# Do you use exercise/quarter sheets? Why? Reccomended?



## Piaffe (Jan 11, 2010)

It has been rainnnny and even snowing here already. It isnt So so so cold,but still in the lower 30's during the day. I have considered getting a quarter/exercise sheet. I have not used one before and am frreeezing which isnt fun. My horses are not clipped,but are blanketed in med. To heavy wt. Blankets and dont grow long winter coats. Would you reccomend using one? Are they a hassle or really helpful? Any particular brands/types to look for or stay away from? Any and all responses much appreciated


----------



## Carleen (Jun 19, 2009)

I haven't used one yet this year, but I usually do use them just while I'm warming my horse up during the colder days. I am (hopefully) getting this one for Christmas: Shedrow 600D Keyhole Quarter Sheet-On Sale until Jan 31 2011 [BLS2013] I've never had one that covered the rider before but I like the idea!


----------



## Piaffe (Jan 11, 2010)

That one looks nice! So you use them only during warm up? I had been thinking they were used for the full ride (just flatwork of course...lol)...hmm...see i have never used one or even actually seen someone use one. Do you think 30's is cold enough for one or will it just make the horse too hot? Thanks!


----------



## Gidget (Jan 19, 2010)

i wondered what those were for!
I mean..exercise,yeah but I didn't really know what the purpose was for.


----------



## Carleen (Jun 19, 2009)

I have only ever used them/seen them used for warm up and cooling out. I think they would get too warm underneath them when they're actually working. I guess it also depends on how hard you're working your horse though!

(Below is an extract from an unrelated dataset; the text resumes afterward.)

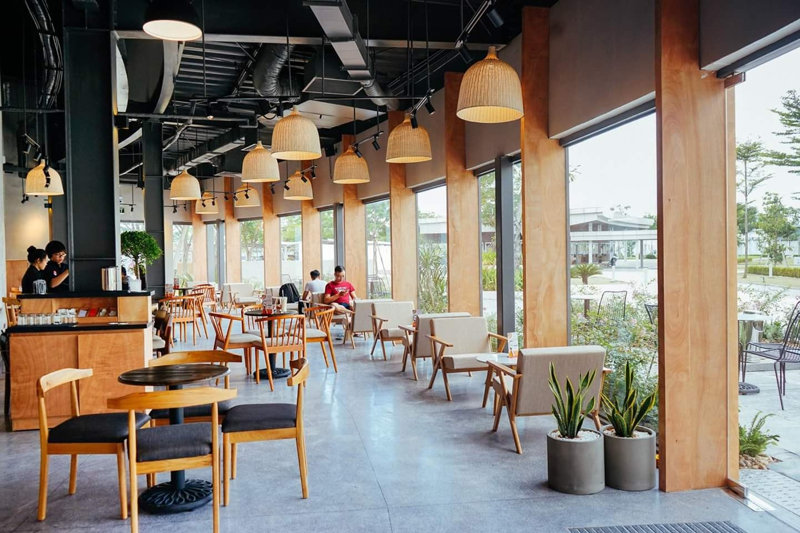 Mặt bằng kinh doanh trong các tòa nhà văn phòng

Low 30s is definitely cold enough to be using one!


----------



## Gidget (Jan 19, 2010)

i dunno.I ride my horse without one..guess it sounds a bit mean since she has a blanket on all day unless I ride.


----------



## tealamutt (Aug 21, 2009)

Oh yes! I do. My TB is body clipped and it is really cold here so it is mostly for him but it keeps me really toasty too. I have a wool one and it is the kind that goes over my legs which is really nice. I got it off of ebay for $10, someone won it at a horse show so it is embroidered with the show name and sponsor but if you're not snobby and don't care about having used stuff (it was never actually ridden in!) then you can get some great deals. 

He warms up a lot nicer for sure and we just slip it off once he's warm and then pop it back on to cool out. Also, the other day was beautiful and sunny but really cold out, my riding buddies and I went on a little trail ride and we all had 1/4 sheets. We passed some other girls who were turning back because it was too cold but we were all nice and warm with happy horses! Can you tell I love my 1/4 sheet? heehee.


----------



## MaggiStar (Mar 19, 2010)

I use mine all winter love it! I wear it for full hacks and road hacking and for schooling and jumping i wear it to warm uo and cool down then whip it off over the fence(desensitize your horse to this before you attempt it holding one rein and doing it from the saddle learnt from experience!!) and throw it back on to cool them down


----------



## maura (Nov 21, 2009)

They're also recommended for horses prone to tying up.


----------



## faye (Oct 13, 2010)

I use my luminous reflective ones every time I go on the roads.
I have a lightweight pink mesh one for summer and a quilted heavy weight yellow one for winter!


----------



## Piaffe (Jan 11, 2010)

Thanks for all the great informative replies! Sounds like it will be something worthwhile to get!


----------



## KerBlanng (Oct 22, 2010)

At the lesson barn I ride at, we use them to warm up or for the entire thing, depending on the weather/what we're doing. Like, a flatwork lesson in really cold weather we keep them on, but meduim cold and jumping, the usually get taken off. I also live in Canada, so it can get pretty cold during the evening lessons. Also, the horses are clipped at various levels, but usually something along the lines of blanket or hunter clip. And, get one with longer sides, so you can wrap it around your legs.


----------



## Luvs2jump (Oct 11, 2010)

I've got one, I use to use it all winter the whole ride due to not having a indoor arena and riding outside the whole winter. I use it a bit now even though I have an indoor arena to ride in. I still love having one and it's nice to keep the legs warm.


----------



## Oakley Eastern Miss (Aug 10, 2010)

Ive got one too, I use it when I ride, purely because my mare looks less than impressed when I take her rugs off. Fortunately though, even with her super thick winter coat, she isnt one to sweat up so I don't usually have to take it off. Best to keep checking to see how warm they get underneath, they can vary a lot in thickness too.


----------



## reachthestars (Jul 2, 2010)

I use one because it was strongly recommended to me by my horse's chiropractor. The reason they're a great idea to use is because muscles and ligaments are more prone to injury and strain when cold. A quarter sheet is going to help prevent that by keeping the vital areas warm while warming up. You can use one throughout your ride, and my general rule of thumb is that if I'm getting warm enough to pull off a layer, then my horse is as well. My mare isn't bodyclipped this year, but is blanketed. If you plan to remove the quarter sheet mid-ride, invest the extra money and get a keyhole one.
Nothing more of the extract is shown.